▶ Stored data
- - - - - - -

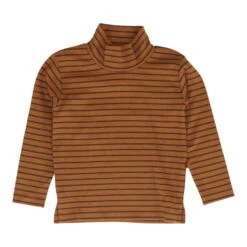 Brown Striped Top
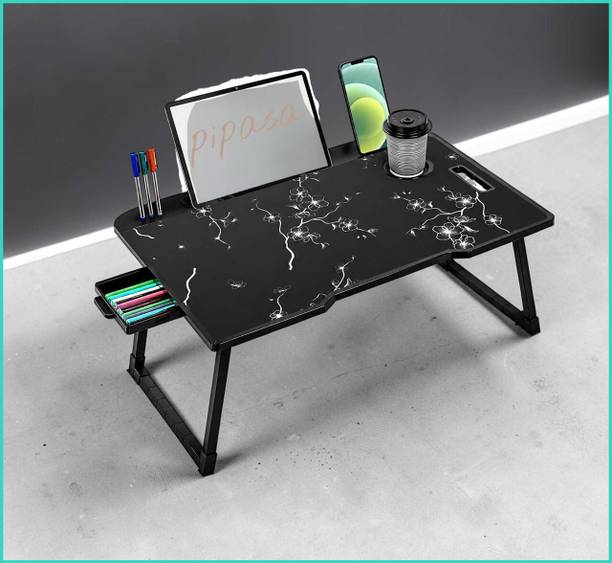 copperandclove copperandclove Solid Wood Study Table (Free Standing, Finish Color - 1 Wood Portable Laptop Table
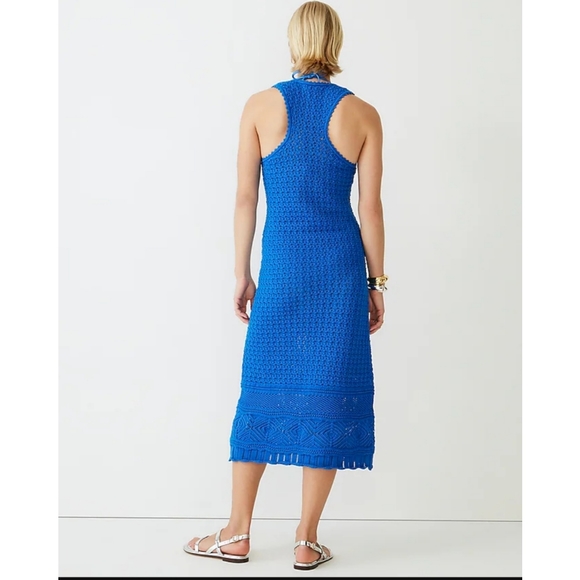 82. J.Crew Limited-edition crochet maxi sweater-dress - Picture 3 of 11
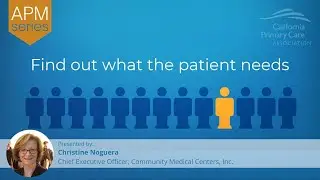 APM: Find Out What The Patient Needs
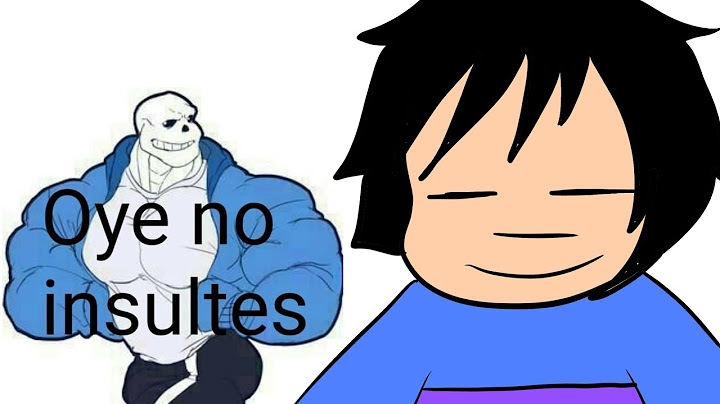 Los niños de ahora no saben que es undertale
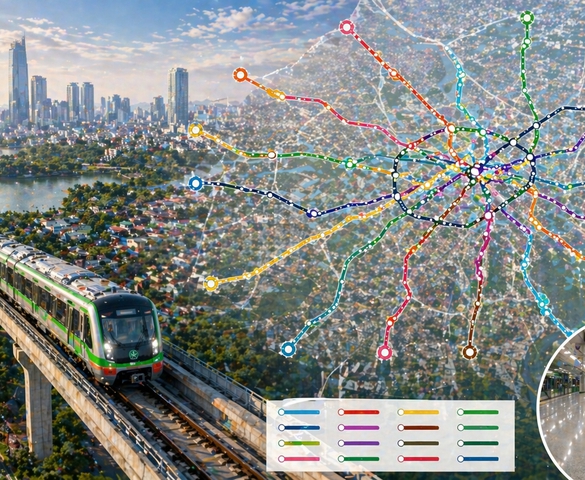 Đô thị hạng đặc biệt của Việt Nam cần hơn 100 tỷ USD để làm dự án hạ tầng chưa từng có: Gần 1.000km metro, mở ra không gian đa cực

- - - - - - -

Without including any picture, repeat the data exactly.

▶ Answer space
 Brown Striped Top
 copperandclove copperandclove Solid Wood Study Table (Free Standing, Finish Color - 1 Wood Portable Laptop Table
 82. J.Crew Limited-edition crochet maxi sweater-dress - Picture 3 of 11
 APM: Find Out What The Patient Needs
 Los niños de ahora no saben que es undertale
 Đô thị hạng đặc biệt của Việt Nam cần hơn 100 tỷ USD để làm dự án hạ tầng chưa từng có: Gần 1.000km metro, mở ra không gian đa cực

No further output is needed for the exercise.